# Dataset content
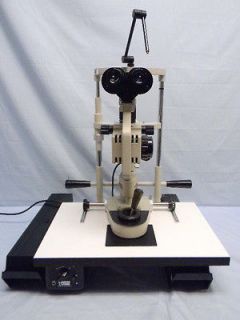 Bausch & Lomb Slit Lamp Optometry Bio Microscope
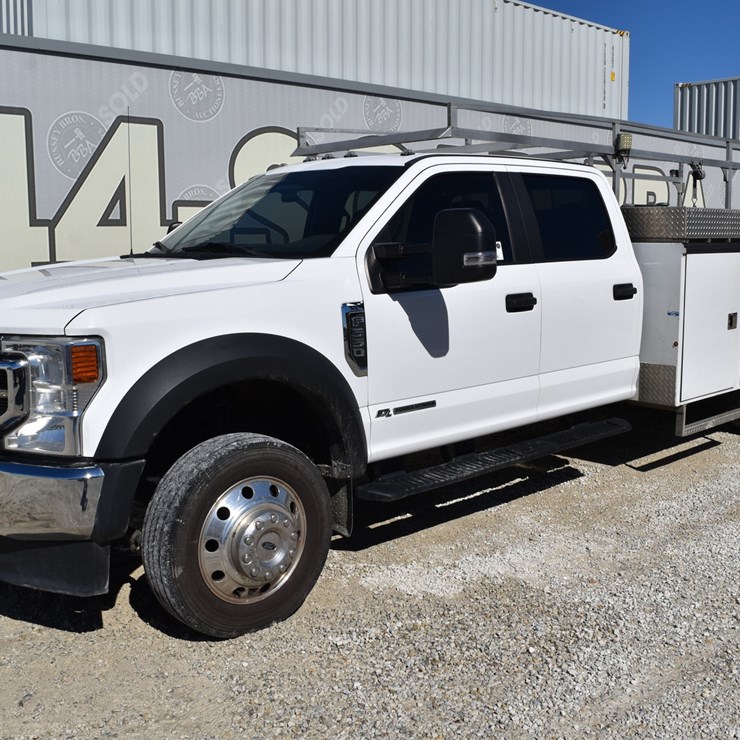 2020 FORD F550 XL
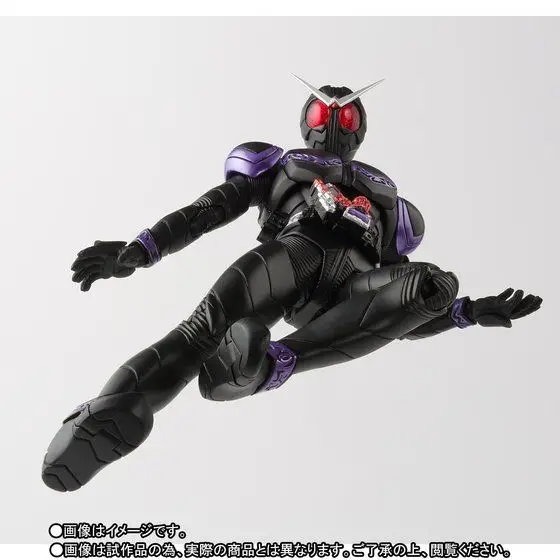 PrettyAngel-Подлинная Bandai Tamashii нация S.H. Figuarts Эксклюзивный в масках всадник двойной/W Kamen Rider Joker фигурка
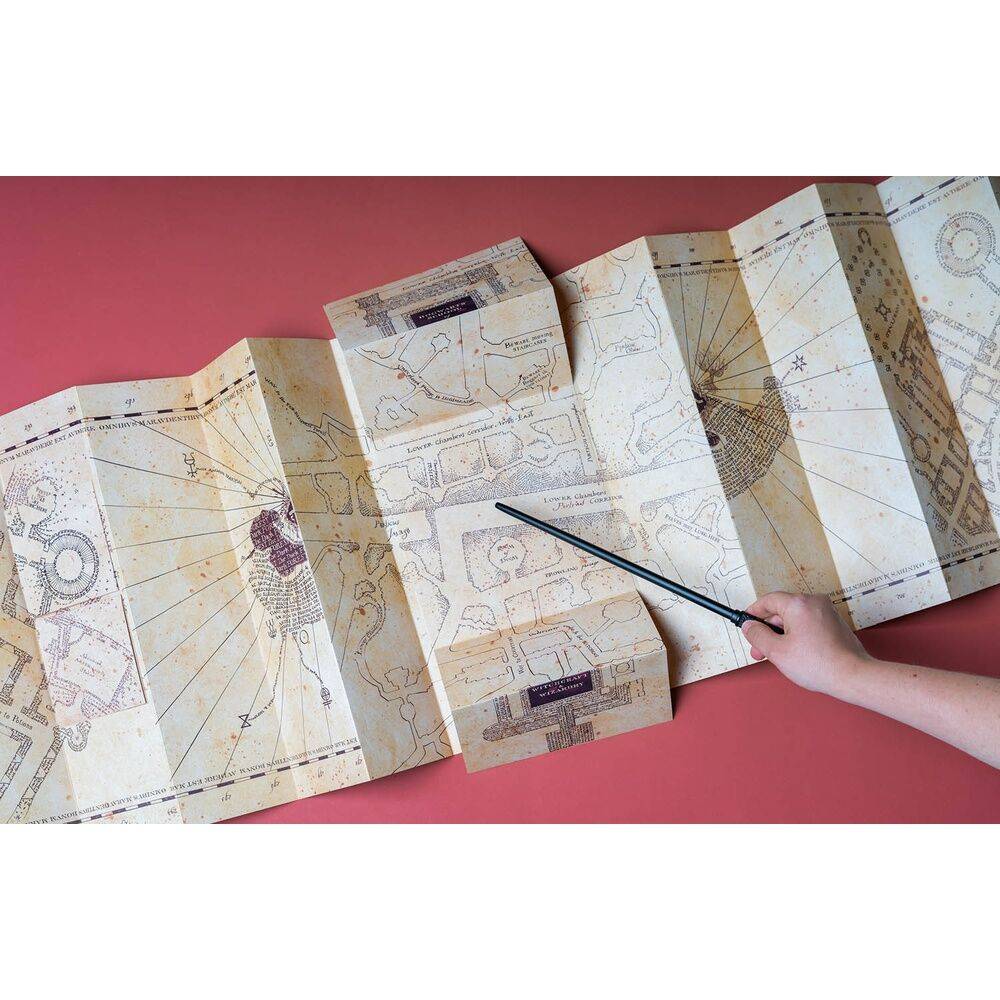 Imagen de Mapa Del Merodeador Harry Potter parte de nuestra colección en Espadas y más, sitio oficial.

# Prompt
In the reply, each line of the data must appear exactly as written, and no picture may appear.

# Result below
 Bausch & Lomb Slit Lamp Optometry Bio Microscope
 2020 FORD F550 XL
 PrettyAngel-Подлинная Bandai Tamashii нация S.H. Figuarts Эксклюзивный в масках всадник двойной/W Kamen Rider Joker фигурка
 Imagen de Mapa Del Merodeador Harry Potter parte de nuestra colección en Espadas y más, sitio oficial.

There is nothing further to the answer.